Bondì aimed to be historically accurate when depicting phenomena like slavery, and at the same time make The Voyage Home relevant for contemporary viewers. The actor Elia Schilton won the leading role because Bondì thought his face looked ancient, because he spoke French, and because he had a peculiar accent.

== Reception ==
The Voyage Home was released in Italian cinemas by Orango Film Distribuzione on 16 January 2004. It received little attention and performed poorly at the box office. Emiliano Morreale wrote in FilmTV that it seems to be modeled on Roberto Rossellini's television works, and therefore "appears like a UFO in the Italian cinema of today". He thought there were problems with the "economic poverty of the staging", parts of the casting, and the lack of intensity, but wrote that "a few well-chosen sets" partially save the film.
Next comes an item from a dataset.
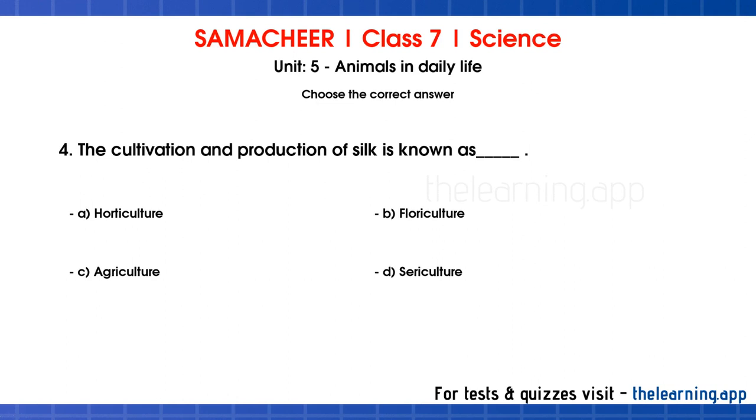Fourth question: the cultivation and production of silk is known as blank. Options are A: horticulture, B: floriculture, C: agriculture, D: sericulture. Correct answer is D, sericulture.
The film was shown at the 2005 Philadelphia Film Festival. Steven Rea of The Philadelphia Inquirer wrote that it has "an odd static quality about it" where "only the talk seems to linger on – and on". He saw influences from Pier Paolo Pasolini and Rossellini, but also wrote that the limited budget on occasions makes it feel "like a Monty Python parody". Todd Brown of Twitch wrote that "those looking for a violent toga epic a la Gladiator are looking in the wrong place – this film is far more concerned with politics and frame of mind – but history buffs will find a lot to love".